FUND’s 0.08% NAV return for 2022 compares very favorably to the 19.21% decline in the Russell 3000 Total Return Index, FUND’s performance benchmark. Last year’s results for FUND also improved its longer-term relative performance. FUND’s 3-, 5- and 10-year NAV returns as of year end were 9.53%, 7.67% and 8.61%, respectively, compared to 7.07%, 8.79% and 12.13%, respectively, for the Russell 3000 TR Index. These results validate our long-term approach of investing in undervalued, high-quality companies while rewarding our patient shareholders.
Last year we wrote, “Clearly, 2021 was a great year for most equity investors, and it set a high bar that is unlikely to be repeated in 2022. Yet, due to the many factors discussed in this letter, we remain optimistic about FUND’s prospects, especially on relative terms.” We got that right! Perhaps it would be wise for us to quit while we are ahead with predictions, but for 2023 we expect more of the same but anticipate less downside severity.
2022 was a roller coaster year for FUND’s performance. While the broad equity indices peaked on the first day, we had a very strong start to the year due to our overweighting in hard asset sectors, including energy, mining and steel. Like 2021, the big macroeconomic story in 2022 was the return of inflation. The unexpected and tragic Russian invasion of Ukraine accelerated what we believe to be long-term structural inflationary forces. Both deglobalization and decarbonization have been with us for several years but have many more years to play out. The Russia-Ukraine war brought those macro themes to the forefront for all to see and jump started the political war against inflation. As the Federal Reserve (“Fed”) began the most aggressive rate hiking cycle in decades, all markets beat a hasty retreat during 2022’s second quarter. We then enjoyed a nice recovery based on the disbelief that the Fed would or could increase interest rates at 75 basis points per meeting only to slump again in late summer/early fall, as central bankers repeated their resolve to fight inflation at any cost.

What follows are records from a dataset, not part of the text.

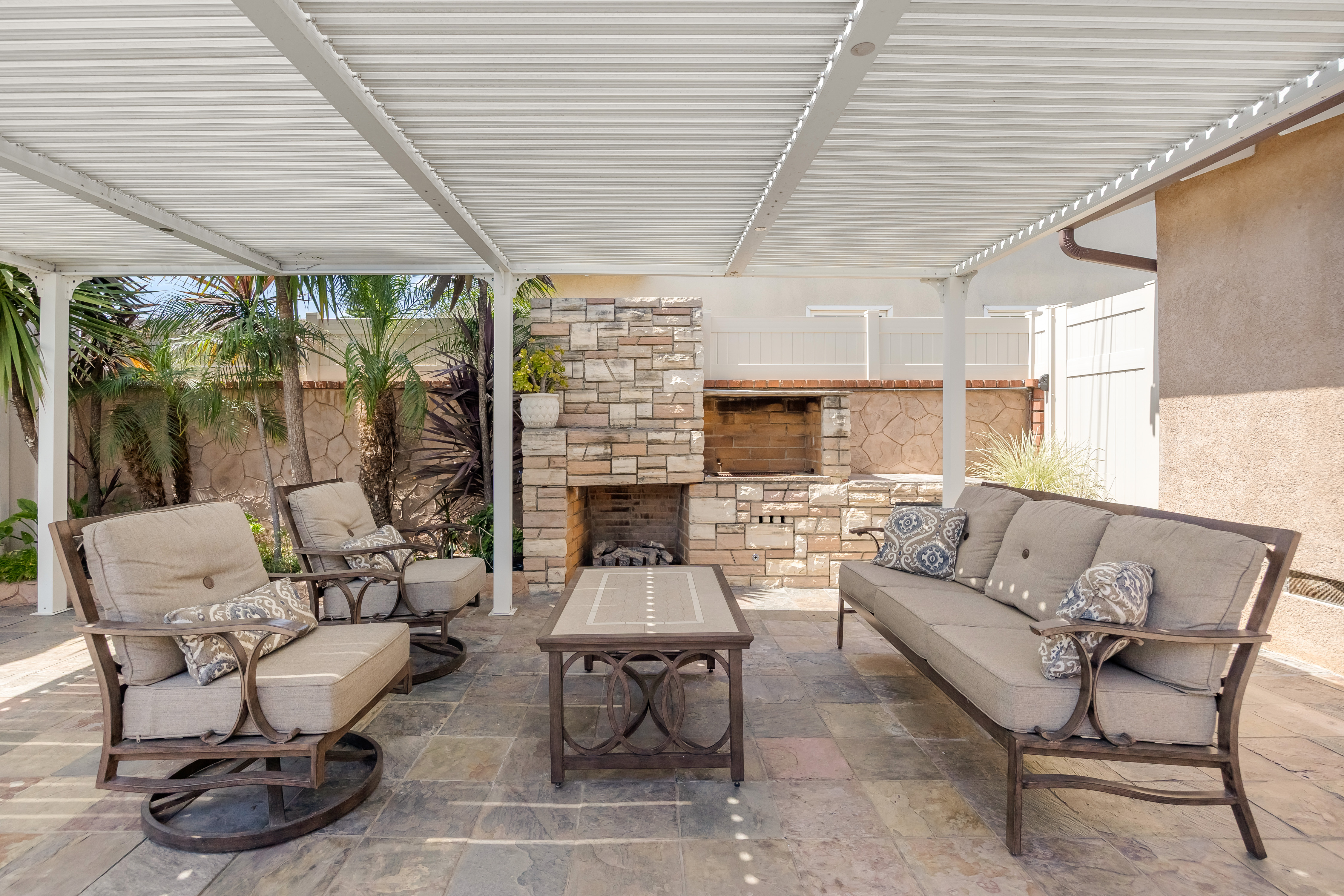  9388 Bigby Street, Downey, CA 90241 - 物件實景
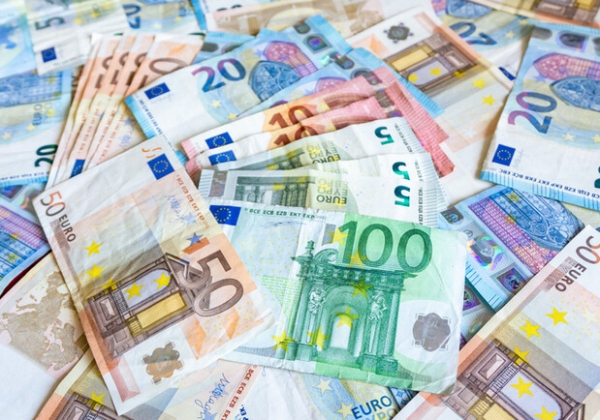 Курс валют в Украине 1 марта 2024: сколько стоит доллар и евро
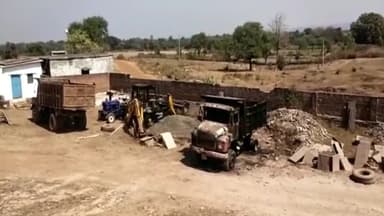 शाहनगर: पुरैना चौधरी मोहल्ले में शानवी स्टोन एंड टाइल्स फैक्ट्री में पुराने विवाद के चलते ट्रेक्टर व JCB में लगाई आग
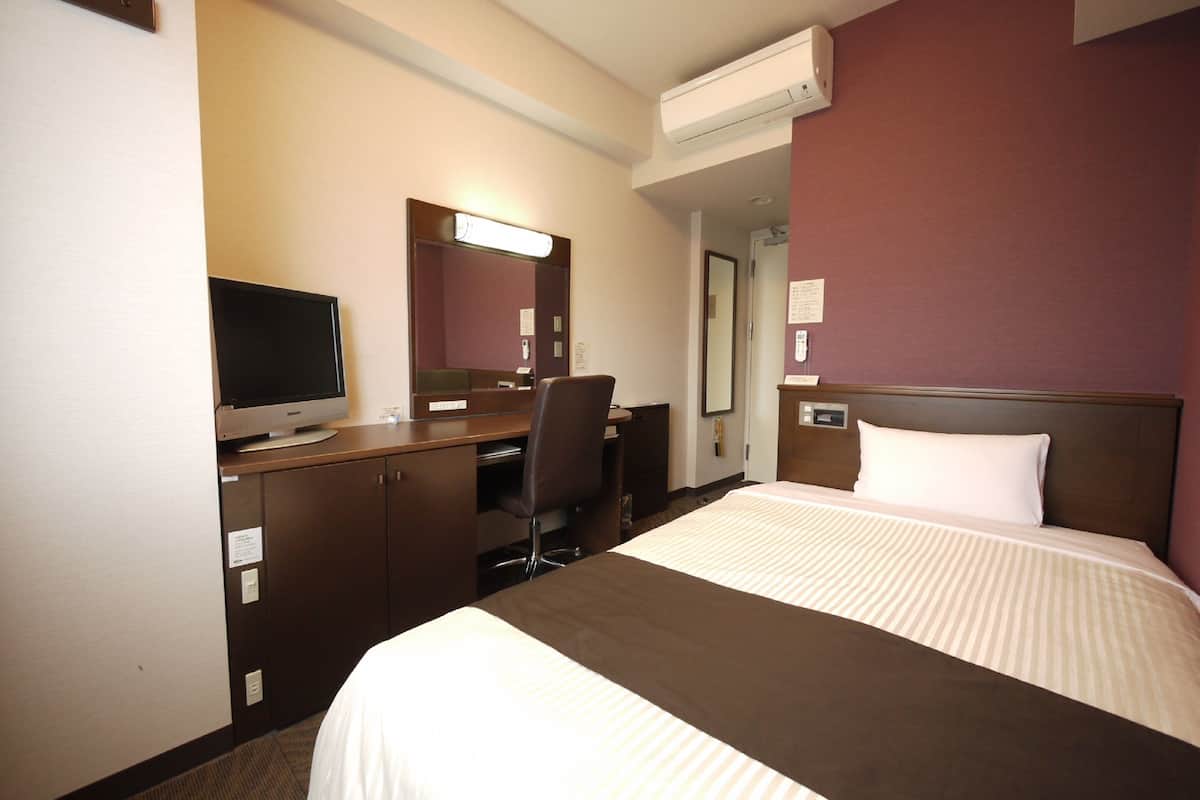 comfort single room, non smoking (b) | desk, iron/ironing board, free wifi, bed sheets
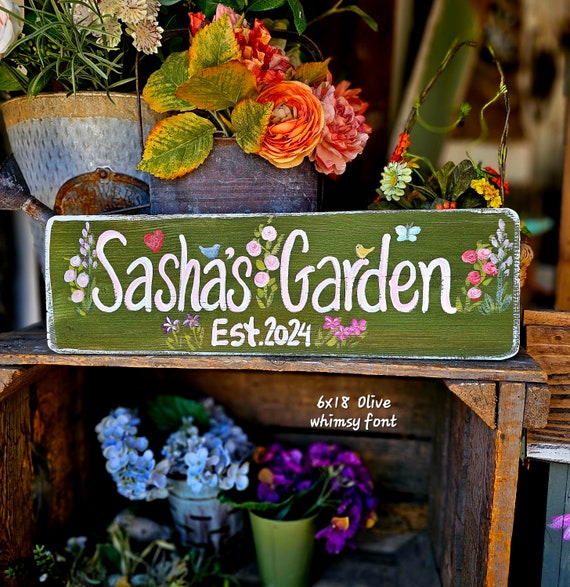 Our hand painted signs are ideal for memorial gardens, childrens gardens and Grandparent gifts. You can choose the color,size and details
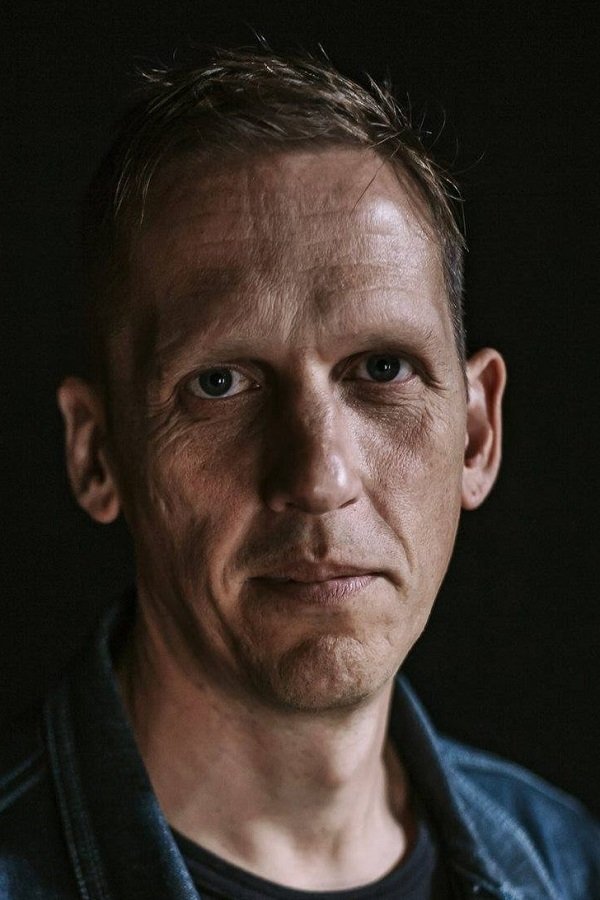 Anders Vestergård backdrop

Finally, we experienced some recovery in the year’s final months as market participants began to forecast a recession that would bring an end to high inflation and, therefore, further rate hikes. Around mid October, Secretary of the Treasury Janet Yellen expressed concerns about liquidity in the U.S. Treasury market. The U.S. dollar peaked and liquidity conditions improved. Quite a ride last year! We expect inflation to moderate in 2023 because the year-over-year comparisons are easy. But the longer-term forces at work will not likely permit developed economies to sustainably return to anything close to the targeted 2% rate for a very long time. In 2023, we expect inflation targets will become more realistic, calculations will be adjusted, or both.
Patience is an important investor attribute, especially during bear markets. Warren Buffett characterized it appropriately when he remarked, “the stock market is a device for transferring money from the impatient to the patient”. Great long-term investment opportunities often arise during periods like this, but without patience and its close companion discipline, investment results can suffer. Portfolio turnover was just shy of 20% for 2022, in line with last year, and with both years being somewhat below our typical level of activity as we continue to exercise patience and discipline during highly volatile and illiquid markets.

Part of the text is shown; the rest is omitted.